Le Synode africain a inscrit de nombreuses questions pastorales importantes à l’ordre du jour des Eglises locales d’Afrique. L’Association des conférences épiscopales d’Afrique de l’Est (AMECEA)a mis en place un département pastoral destiné à aider les Eglises d’Afrique orientale à mettre en commun leurs expériences et leurs réflexions sur l’évangélisation, la justice et la paix. Son Secrétaire, le père Wolfgang Schonecke, propose une analyse de la place de l’Eglise dans les tragiques événements du Rwanda et quelques-unes des questions que ces événements posent aux Eglises d’Afrique de l’Est.

Le génocide rwandais n’est pas unique : les colons blancs des Amériques ont presque exterminé la population indigène; l’Europe a vécu l’holocauste perpétré par l’Allemagne nazie; le Cambodge a souffert de massacres massifs; l’anéantissement nucléaire d’Hiroshima… Malgré tout, « chaque nouvelle manifestation de la folie collective bouscule notre confiance dans l’humanité et, quand des chrétiens sont en cause, c’est notre foi même dans le christianisme qui est touchée ». On ne peut réduire la tragédie du Rwanda au seul facteur ethnique. Il y a convergence et aboutissement de nombreux éléments. L’analyse des facteurs principaux et du rôle de l’Eglise dans cette tragédie conduit à se poser des questions difficiles.

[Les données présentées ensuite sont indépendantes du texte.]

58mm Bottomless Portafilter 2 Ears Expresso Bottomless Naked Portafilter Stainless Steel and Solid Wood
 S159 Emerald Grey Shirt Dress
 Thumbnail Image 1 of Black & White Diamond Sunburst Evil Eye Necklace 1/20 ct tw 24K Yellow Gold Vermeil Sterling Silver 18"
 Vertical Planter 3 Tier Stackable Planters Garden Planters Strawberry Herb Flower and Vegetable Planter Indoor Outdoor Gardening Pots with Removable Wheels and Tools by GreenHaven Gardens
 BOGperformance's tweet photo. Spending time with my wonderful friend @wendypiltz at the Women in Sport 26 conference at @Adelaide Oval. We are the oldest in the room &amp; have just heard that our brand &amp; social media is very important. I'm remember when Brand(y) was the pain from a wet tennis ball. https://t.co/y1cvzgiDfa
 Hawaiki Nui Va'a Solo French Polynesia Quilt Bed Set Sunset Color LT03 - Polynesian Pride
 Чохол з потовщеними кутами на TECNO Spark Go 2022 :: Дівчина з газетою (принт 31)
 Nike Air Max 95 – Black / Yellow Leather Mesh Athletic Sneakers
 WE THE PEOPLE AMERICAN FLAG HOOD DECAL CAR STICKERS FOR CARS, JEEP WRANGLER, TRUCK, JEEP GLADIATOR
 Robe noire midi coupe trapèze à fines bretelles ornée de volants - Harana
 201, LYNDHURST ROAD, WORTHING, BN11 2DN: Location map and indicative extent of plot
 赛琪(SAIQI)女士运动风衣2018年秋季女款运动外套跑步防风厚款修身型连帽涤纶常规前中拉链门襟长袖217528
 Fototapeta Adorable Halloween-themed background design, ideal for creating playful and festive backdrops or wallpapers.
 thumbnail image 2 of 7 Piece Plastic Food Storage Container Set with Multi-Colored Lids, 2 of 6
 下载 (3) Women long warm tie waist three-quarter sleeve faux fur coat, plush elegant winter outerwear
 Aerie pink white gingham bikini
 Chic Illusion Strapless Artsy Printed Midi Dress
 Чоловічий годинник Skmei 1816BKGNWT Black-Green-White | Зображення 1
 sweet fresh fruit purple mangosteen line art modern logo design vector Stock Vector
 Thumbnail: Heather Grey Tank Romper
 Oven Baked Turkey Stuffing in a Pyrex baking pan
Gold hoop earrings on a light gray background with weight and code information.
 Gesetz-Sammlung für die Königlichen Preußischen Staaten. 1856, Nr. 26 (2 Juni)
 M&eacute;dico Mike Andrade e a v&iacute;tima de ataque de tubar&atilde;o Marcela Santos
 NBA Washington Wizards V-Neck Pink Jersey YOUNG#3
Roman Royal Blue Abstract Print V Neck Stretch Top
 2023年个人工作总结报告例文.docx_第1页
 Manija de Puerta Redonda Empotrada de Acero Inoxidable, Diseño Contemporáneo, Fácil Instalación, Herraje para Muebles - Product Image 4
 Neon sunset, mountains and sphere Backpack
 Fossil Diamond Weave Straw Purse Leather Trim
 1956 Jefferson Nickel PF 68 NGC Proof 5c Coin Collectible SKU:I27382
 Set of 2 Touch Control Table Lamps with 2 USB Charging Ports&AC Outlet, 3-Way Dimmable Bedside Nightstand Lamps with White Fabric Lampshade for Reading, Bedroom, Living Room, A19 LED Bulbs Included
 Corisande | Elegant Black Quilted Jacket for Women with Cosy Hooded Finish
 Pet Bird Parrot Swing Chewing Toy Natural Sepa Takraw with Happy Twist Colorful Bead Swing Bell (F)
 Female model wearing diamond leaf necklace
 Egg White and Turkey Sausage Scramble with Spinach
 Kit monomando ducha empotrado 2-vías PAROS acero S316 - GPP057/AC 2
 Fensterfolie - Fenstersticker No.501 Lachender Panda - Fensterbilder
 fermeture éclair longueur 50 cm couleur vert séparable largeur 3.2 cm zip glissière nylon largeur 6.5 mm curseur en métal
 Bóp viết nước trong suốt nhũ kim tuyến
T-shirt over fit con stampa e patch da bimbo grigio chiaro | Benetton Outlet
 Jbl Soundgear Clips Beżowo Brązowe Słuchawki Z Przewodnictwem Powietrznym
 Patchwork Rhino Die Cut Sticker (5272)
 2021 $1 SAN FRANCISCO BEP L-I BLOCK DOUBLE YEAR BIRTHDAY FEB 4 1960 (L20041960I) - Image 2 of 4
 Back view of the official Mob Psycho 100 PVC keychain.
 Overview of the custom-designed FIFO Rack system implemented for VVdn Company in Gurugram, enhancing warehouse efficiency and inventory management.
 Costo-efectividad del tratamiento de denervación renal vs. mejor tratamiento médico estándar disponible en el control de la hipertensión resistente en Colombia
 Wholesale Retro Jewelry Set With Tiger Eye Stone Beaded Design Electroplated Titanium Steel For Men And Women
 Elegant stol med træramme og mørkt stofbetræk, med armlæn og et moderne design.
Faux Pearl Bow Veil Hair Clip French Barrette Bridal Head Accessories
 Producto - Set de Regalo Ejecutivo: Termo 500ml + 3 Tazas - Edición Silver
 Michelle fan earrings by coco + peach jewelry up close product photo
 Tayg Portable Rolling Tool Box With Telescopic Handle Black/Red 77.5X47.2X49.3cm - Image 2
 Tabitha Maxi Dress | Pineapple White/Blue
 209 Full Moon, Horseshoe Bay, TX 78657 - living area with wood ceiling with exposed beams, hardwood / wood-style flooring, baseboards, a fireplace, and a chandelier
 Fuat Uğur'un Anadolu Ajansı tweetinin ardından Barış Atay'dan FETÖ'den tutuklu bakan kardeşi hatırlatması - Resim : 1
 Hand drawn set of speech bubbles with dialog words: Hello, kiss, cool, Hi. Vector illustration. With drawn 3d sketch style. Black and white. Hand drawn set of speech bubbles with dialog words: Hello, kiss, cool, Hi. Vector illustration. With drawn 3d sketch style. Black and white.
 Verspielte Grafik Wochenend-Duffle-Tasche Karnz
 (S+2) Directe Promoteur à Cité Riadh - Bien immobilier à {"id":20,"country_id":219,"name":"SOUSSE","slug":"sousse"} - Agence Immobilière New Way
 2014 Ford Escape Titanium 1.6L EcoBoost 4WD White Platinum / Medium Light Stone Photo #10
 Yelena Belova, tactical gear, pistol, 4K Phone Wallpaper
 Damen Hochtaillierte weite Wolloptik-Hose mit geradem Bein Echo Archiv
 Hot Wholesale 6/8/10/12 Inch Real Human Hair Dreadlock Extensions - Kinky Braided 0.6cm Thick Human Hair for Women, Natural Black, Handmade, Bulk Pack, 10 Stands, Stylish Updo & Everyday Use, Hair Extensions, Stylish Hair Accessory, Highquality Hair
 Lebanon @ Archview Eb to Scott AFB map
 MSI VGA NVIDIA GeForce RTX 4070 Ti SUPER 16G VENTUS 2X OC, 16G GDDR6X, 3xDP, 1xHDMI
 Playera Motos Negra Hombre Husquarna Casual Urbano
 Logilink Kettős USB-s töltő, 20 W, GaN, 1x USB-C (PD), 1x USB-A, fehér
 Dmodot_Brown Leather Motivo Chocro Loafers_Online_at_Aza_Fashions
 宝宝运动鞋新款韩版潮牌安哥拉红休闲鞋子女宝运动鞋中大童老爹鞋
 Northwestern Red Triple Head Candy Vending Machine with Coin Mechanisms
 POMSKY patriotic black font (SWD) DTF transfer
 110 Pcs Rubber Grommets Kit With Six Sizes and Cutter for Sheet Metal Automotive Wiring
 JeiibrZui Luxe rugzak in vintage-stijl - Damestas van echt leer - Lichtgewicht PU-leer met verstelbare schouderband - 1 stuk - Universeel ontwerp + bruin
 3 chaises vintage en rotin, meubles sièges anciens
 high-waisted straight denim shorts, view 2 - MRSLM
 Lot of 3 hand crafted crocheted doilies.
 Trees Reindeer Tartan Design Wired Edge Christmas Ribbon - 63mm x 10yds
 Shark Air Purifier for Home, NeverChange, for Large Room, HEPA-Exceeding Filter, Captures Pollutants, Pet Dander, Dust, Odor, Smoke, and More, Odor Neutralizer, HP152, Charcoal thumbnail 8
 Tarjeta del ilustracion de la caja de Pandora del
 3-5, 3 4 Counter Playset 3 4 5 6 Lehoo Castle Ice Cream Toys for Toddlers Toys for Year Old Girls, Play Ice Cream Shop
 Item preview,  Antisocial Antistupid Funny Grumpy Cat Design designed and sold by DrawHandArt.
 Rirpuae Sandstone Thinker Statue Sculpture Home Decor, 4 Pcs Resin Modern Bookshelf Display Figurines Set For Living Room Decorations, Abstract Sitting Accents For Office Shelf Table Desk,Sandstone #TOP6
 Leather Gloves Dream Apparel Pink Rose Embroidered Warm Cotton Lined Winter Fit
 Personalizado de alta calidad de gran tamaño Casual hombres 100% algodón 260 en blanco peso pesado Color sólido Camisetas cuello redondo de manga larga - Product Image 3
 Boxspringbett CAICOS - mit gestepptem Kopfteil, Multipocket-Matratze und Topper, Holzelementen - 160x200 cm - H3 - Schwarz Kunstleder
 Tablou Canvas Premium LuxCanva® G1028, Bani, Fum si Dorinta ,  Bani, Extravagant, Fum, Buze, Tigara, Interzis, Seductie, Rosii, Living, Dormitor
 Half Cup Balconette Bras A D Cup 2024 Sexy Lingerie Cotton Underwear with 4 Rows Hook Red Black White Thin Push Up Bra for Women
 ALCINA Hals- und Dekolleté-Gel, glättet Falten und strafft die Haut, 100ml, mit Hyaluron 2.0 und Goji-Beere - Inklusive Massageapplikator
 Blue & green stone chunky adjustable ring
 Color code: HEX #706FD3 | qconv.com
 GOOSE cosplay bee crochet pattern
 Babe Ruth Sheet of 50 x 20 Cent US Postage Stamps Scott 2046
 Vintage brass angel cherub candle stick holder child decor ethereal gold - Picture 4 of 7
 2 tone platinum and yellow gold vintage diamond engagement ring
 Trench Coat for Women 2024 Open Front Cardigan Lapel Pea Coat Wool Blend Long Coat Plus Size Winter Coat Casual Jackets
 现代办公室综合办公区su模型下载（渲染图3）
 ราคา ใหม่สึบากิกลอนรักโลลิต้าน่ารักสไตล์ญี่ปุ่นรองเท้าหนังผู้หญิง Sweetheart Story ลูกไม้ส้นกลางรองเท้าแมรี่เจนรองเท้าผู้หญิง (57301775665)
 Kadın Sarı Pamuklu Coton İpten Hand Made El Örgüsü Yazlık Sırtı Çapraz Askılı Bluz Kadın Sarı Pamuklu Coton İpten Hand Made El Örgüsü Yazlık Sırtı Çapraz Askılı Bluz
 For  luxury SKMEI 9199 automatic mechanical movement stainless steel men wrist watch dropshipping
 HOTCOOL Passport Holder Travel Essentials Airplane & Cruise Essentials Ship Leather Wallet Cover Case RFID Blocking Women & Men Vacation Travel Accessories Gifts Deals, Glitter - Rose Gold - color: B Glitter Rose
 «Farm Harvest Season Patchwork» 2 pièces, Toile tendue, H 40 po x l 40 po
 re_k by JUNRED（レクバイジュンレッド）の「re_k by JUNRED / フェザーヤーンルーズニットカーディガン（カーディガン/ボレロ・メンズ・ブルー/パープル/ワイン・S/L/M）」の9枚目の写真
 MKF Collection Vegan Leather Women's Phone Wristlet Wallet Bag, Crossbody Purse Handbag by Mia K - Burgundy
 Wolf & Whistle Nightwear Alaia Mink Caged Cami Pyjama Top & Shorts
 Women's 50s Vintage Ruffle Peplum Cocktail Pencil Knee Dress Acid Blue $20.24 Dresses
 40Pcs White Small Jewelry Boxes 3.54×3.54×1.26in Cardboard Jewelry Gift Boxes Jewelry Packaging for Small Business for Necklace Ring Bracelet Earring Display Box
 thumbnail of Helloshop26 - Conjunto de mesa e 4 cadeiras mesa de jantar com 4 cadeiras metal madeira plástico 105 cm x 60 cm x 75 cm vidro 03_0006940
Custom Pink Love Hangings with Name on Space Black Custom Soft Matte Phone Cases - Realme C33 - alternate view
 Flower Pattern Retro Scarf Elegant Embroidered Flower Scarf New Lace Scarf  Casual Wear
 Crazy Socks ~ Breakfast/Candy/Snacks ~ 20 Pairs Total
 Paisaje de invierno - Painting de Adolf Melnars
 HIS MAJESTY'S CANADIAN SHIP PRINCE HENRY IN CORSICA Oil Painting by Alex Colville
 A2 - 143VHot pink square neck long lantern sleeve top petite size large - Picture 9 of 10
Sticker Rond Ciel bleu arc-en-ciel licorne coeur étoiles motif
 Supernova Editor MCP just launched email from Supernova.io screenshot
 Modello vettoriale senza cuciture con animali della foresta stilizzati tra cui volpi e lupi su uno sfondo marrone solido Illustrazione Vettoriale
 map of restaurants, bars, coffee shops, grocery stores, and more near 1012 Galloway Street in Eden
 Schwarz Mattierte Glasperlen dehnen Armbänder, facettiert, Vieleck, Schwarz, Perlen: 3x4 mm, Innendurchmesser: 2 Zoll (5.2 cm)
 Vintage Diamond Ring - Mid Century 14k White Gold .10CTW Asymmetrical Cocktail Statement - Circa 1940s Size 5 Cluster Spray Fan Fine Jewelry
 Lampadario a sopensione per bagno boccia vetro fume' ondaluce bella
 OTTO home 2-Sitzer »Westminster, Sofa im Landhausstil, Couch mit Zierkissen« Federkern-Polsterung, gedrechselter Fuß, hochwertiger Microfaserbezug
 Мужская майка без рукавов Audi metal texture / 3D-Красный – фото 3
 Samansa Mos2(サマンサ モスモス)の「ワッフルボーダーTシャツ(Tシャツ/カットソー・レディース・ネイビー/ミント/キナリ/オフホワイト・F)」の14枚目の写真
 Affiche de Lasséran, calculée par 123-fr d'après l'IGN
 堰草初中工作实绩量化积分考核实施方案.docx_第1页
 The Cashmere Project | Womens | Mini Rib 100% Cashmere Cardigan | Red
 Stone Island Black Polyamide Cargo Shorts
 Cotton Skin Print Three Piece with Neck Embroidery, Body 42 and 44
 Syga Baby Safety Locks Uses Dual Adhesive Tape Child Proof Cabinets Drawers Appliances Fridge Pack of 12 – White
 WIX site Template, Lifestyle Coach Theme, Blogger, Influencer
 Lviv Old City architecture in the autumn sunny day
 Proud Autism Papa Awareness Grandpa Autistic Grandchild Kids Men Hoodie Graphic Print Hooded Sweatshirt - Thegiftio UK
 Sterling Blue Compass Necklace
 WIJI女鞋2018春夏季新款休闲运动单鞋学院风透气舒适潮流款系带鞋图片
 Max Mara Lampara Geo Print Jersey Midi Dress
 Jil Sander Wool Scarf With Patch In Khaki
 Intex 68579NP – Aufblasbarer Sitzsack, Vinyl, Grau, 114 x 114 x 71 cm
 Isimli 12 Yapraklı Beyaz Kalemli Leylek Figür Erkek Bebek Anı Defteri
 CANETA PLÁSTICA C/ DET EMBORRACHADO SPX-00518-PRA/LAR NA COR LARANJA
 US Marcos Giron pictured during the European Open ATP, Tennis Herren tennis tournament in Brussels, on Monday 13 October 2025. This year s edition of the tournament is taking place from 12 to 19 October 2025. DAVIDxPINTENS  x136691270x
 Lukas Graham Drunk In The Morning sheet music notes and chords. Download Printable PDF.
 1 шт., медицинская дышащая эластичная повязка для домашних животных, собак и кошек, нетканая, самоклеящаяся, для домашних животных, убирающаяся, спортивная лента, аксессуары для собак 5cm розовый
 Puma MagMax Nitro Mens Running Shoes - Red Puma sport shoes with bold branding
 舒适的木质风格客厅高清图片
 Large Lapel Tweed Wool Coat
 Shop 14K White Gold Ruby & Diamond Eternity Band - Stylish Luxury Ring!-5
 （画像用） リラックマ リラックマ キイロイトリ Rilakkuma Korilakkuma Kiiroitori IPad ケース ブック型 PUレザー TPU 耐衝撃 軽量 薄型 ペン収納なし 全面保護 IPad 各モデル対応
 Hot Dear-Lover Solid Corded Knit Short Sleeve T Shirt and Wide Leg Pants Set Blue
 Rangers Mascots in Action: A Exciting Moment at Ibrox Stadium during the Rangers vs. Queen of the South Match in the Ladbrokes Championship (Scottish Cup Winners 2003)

Une obsession du pouvoir à tout prix

Le conflit du Rwanda concernait à l’origine une volonté, assez absolue, de conserver ou de reconquérir le pouvoir pour justifier n’importe quels actes. D’après un recensement effectué en 1991, 90% des Rwandais se disent chrétiens. L’Eglise catholique est, après le gouvernement, l’institution la plus puissante à travers son réseau d’oeuvres sociales, éducatives et médicales dirigées par de nombreux groupes religieux. Elle a dès le début entretenu d’étroites relations avec l’administration coloniale et la maison royale et la hiérarchie est toujours restée étroitement liée au régime en place. Ses nombreuses - mais tardives et faibles - déclarations pendant le génocide n’étaient ni significatives ni suffisantes. Les événements du Rwanda renforcent une leçon de l’histoire : une Eglise qui s’identifie trop étroitement à un régime partage son destin. Il y a une distance indispensable à maintenir avec les partis, les mouvements politiques et l’Etat.

Comment l’Eglise peut-elle résister à la tentation de se servir du pouvoir pour accomplir sa mission et, en retour, d’être utilisée par les pouvoirs politiques ? « Parlons-nous en faveur de tout groupe traité injustement, ou seulement quand les intérêts de l’Eglise sont menacés ? Comment développer au sein de l’Eglise un mode de responsabilité plus participative qui puisse servir à inspirer un modèle plus démocratique en politique? »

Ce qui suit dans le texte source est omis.